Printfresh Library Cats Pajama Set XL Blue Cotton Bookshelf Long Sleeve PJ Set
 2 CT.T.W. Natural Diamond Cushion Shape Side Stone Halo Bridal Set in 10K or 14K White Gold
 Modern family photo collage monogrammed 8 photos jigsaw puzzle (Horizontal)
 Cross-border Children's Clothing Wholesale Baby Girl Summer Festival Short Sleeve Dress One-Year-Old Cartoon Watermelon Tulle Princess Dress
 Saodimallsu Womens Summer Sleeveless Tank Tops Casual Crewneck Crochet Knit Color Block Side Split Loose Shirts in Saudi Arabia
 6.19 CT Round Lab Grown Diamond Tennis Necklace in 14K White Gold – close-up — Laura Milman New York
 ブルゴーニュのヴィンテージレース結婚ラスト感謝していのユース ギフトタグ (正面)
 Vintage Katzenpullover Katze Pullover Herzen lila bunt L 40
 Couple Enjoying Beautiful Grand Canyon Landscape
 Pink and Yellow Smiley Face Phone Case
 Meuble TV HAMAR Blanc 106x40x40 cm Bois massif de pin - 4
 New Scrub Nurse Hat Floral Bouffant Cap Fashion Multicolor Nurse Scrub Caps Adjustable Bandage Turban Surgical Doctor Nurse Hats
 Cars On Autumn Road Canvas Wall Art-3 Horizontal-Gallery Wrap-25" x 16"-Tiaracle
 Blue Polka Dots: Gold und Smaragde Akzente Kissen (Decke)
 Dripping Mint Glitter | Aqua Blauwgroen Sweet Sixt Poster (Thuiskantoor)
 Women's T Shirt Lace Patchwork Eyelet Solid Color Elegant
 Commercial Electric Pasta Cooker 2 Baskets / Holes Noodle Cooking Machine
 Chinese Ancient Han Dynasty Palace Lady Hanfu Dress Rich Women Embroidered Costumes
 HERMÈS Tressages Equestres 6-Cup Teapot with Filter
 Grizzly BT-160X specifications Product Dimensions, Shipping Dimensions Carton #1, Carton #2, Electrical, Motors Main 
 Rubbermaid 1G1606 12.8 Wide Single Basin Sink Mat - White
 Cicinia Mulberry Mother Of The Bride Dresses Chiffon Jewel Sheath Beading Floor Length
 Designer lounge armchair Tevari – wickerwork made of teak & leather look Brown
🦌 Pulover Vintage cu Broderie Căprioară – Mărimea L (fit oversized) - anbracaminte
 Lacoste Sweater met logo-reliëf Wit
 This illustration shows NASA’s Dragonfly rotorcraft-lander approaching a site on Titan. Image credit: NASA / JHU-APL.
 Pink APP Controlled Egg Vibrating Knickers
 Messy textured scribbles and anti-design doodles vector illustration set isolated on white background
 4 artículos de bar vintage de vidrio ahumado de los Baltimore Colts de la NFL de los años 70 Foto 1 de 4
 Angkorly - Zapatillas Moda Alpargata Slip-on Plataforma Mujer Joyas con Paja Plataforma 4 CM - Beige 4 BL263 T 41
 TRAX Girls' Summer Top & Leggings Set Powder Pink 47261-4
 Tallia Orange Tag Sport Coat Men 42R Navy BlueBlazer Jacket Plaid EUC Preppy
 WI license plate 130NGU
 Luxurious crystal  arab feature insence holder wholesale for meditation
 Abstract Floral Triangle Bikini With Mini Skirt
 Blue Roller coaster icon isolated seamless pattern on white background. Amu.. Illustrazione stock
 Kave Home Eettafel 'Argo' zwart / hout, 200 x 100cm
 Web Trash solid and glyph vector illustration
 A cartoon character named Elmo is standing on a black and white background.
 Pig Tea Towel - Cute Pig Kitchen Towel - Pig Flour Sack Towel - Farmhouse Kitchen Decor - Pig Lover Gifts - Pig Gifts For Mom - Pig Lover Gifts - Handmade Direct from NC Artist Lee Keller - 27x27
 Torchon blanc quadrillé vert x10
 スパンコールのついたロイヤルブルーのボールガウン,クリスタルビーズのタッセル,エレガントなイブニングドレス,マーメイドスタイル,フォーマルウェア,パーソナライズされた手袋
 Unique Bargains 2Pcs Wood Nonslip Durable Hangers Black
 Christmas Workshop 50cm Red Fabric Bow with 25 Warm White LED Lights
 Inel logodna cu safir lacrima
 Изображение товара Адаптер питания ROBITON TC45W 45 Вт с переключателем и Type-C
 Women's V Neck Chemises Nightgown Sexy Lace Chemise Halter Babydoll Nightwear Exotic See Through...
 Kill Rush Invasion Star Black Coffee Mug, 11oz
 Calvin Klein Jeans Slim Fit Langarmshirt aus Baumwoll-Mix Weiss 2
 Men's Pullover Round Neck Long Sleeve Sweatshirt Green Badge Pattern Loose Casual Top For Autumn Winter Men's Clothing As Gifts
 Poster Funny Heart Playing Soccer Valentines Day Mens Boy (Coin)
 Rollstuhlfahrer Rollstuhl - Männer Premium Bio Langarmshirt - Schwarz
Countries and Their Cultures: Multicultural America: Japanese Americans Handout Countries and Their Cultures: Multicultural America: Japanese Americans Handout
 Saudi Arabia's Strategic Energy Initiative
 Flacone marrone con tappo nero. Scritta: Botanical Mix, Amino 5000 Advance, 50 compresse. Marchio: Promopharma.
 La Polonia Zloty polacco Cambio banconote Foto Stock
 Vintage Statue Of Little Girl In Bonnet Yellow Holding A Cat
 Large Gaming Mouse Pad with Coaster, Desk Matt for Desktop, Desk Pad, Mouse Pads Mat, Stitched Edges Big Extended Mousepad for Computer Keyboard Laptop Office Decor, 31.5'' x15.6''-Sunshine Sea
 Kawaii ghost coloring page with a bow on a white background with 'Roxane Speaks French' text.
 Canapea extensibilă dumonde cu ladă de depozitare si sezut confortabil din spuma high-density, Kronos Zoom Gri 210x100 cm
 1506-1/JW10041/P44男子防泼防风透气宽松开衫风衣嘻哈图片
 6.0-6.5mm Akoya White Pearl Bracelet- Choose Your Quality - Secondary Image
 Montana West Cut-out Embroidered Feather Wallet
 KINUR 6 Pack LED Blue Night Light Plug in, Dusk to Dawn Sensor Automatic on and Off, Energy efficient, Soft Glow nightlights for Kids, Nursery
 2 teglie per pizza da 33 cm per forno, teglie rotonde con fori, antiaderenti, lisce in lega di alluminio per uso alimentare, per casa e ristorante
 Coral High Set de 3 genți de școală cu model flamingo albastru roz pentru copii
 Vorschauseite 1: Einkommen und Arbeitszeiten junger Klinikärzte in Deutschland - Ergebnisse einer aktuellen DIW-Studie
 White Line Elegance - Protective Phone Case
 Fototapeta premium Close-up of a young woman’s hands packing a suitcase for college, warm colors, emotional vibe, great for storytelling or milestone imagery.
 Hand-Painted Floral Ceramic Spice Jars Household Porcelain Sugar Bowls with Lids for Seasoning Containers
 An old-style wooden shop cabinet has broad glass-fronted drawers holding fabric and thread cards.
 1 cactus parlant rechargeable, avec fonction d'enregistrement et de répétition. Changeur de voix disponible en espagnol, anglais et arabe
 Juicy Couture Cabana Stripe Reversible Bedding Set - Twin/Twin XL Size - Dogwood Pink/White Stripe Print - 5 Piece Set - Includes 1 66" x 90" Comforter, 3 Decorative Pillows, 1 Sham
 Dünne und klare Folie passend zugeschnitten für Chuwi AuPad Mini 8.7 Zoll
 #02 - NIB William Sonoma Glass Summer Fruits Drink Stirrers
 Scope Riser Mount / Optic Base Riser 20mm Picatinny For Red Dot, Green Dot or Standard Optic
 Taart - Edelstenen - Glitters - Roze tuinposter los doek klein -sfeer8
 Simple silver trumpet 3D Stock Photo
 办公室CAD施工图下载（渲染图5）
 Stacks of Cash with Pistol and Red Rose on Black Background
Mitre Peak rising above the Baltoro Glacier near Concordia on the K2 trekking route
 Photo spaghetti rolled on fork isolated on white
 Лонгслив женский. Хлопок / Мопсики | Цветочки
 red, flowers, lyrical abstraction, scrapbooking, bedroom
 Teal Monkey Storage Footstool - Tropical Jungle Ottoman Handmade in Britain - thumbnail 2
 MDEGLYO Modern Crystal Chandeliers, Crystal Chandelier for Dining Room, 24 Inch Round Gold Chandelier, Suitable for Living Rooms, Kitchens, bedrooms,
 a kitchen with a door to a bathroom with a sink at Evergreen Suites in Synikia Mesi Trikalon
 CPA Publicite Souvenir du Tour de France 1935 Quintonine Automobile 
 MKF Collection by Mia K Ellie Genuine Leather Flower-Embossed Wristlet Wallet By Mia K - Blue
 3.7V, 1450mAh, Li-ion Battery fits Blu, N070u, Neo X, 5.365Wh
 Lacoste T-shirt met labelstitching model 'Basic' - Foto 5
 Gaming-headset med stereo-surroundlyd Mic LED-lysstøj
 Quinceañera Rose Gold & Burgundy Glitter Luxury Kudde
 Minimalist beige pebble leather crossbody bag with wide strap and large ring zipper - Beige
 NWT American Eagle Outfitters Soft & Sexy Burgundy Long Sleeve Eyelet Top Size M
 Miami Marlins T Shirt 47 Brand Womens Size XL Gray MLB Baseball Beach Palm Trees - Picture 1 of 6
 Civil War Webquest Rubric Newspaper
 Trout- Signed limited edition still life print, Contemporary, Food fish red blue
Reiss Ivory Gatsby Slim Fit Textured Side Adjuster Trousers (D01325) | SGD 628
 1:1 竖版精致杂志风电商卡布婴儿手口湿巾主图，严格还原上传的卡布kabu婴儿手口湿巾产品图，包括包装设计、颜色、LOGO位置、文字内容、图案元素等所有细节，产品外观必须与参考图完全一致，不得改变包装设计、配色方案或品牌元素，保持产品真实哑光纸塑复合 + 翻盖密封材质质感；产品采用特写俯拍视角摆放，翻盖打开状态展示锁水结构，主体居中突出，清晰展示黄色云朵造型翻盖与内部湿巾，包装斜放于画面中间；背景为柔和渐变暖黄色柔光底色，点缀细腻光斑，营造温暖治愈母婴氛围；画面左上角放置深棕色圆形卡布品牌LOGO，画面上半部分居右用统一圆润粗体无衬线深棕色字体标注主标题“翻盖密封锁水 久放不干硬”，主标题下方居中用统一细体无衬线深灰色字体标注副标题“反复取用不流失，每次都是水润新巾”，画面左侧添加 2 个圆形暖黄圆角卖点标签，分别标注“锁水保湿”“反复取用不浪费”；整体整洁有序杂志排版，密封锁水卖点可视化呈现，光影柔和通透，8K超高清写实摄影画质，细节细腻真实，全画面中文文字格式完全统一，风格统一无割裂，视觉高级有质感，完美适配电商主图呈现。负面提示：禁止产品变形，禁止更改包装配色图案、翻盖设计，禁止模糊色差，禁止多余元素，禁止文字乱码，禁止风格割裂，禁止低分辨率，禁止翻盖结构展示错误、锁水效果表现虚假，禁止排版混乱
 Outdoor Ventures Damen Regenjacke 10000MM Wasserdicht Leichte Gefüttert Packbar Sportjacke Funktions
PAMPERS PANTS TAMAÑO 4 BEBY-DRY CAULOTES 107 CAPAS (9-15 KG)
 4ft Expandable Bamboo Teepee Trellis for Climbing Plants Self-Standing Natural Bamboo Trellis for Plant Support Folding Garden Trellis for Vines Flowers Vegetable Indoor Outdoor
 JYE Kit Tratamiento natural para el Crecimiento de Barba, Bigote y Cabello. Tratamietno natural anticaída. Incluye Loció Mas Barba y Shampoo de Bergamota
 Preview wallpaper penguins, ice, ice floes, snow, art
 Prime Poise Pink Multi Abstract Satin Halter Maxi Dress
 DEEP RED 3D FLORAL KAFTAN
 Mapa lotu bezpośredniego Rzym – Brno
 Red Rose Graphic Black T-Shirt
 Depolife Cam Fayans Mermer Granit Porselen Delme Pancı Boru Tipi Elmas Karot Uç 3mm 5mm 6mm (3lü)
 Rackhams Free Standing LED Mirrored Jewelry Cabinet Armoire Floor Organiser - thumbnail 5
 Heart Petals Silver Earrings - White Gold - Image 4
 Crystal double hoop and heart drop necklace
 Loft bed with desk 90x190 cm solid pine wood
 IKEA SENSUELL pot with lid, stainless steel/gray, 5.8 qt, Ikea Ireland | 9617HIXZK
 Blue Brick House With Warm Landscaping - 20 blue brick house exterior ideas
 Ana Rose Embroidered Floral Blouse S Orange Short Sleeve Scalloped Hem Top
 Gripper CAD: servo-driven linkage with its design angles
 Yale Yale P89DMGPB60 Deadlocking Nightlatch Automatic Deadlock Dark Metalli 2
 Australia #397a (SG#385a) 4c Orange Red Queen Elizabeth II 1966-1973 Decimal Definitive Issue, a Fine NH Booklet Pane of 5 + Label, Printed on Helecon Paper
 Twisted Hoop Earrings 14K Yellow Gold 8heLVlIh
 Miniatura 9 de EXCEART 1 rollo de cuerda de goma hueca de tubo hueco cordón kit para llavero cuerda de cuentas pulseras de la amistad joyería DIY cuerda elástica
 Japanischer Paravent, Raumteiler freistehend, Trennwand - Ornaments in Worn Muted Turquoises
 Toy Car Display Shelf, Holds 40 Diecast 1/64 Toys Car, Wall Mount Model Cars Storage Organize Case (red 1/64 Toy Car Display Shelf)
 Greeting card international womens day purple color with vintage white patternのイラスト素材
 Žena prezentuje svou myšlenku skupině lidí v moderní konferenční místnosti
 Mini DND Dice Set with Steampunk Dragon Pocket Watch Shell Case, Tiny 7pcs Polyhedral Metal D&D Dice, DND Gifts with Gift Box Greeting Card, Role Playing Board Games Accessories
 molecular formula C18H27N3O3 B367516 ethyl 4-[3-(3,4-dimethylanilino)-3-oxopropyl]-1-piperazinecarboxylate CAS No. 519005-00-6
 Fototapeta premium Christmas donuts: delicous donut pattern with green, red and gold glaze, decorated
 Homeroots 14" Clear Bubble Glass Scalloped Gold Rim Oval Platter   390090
____________________
#### [WHAT TO WORK ON]
Only one part of the material above is to be transcribed, namely the lines starting with the line that has "Vintage Katzenpullover Katze" and going on through the line that has "Angkorly - Zapatillas", exactly as they stand.

#### [OUTPUT OF THE EXERCISE]
 Vintage Katzenpullover Katze Pullover Herzen lila bunt L 40
 Couple Enjoying Beautiful Grand Canyon Landscape
 Pink and Yellow Smiley Face Phone Case
 Meuble TV HAMAR Blanc 106x40x40 cm Bois massif de pin - 4
 New Scrub Nurse Hat Floral Bouffant Cap Fashion Multicolor Nurse Scrub Caps Adjustable Bandage Turban Surgical Doctor Nurse Hats
 Cars On Autumn Road Canvas Wall Art-3 Horizontal-Gallery Wrap-25" x 16"-Tiaracle
 Blue Polka Dots: Gold und Smaragde Akzente Kissen (Decke)
 Dripping Mint Glitter | Aqua Blauwgroen Sweet Sixt Poster (Thuiskantoor)
 Women's T Shirt Lace Patchwork Eyelet Solid Color Elegant
 Commercial Electric Pasta Cooker 2 Baskets / Holes Noodle Cooking Machine
 Chinese Ancient Han Dynasty Palace Lady Hanfu Dress Rich Women Embroidered Costumes
 HERMÈS Tressages Equestres 6-Cup Teapot with Filter
 Grizzly BT-160X specifications Product Dimensions, Shipping Dimensions Carton #1, Carton #2, Electrical, Motors Main 
 Rubbermaid 1G1606 12.8 Wide Single Basin Sink Mat - White
 Cicinia Mulberry Mother Of The Bride Dresses Chiffon Jewel Sheath Beading Floor Length
 Designer lounge armchair Tevari – wickerwork made of teak & leather look Brown
🦌 Pulover Vintage cu Broderie Căprioară – Mărimea L (fit oversized) - anbracaminte
 Lacoste Sweater met logo-reliëf Wit
 This illustration shows NASA’s Dragonfly rotorcraft-lander approaching a site on Titan. Image credit: NASA / JHU-APL.
 Pink APP Controlled Egg Vibrating Knickers
 Messy textured scribbles and anti-design doodles vector illustration set isolated on white background
 4 artículos de bar vintage de vidrio ahumado de los Baltimore Colts de la NFL de los años 70 Foto 1 de 4
 Angkorly - Zapatillas Moda Alpargata Slip-on Plataforma Mujer Joyas con Paja Plataforma 4 CM - Beige 4 BL263 T 41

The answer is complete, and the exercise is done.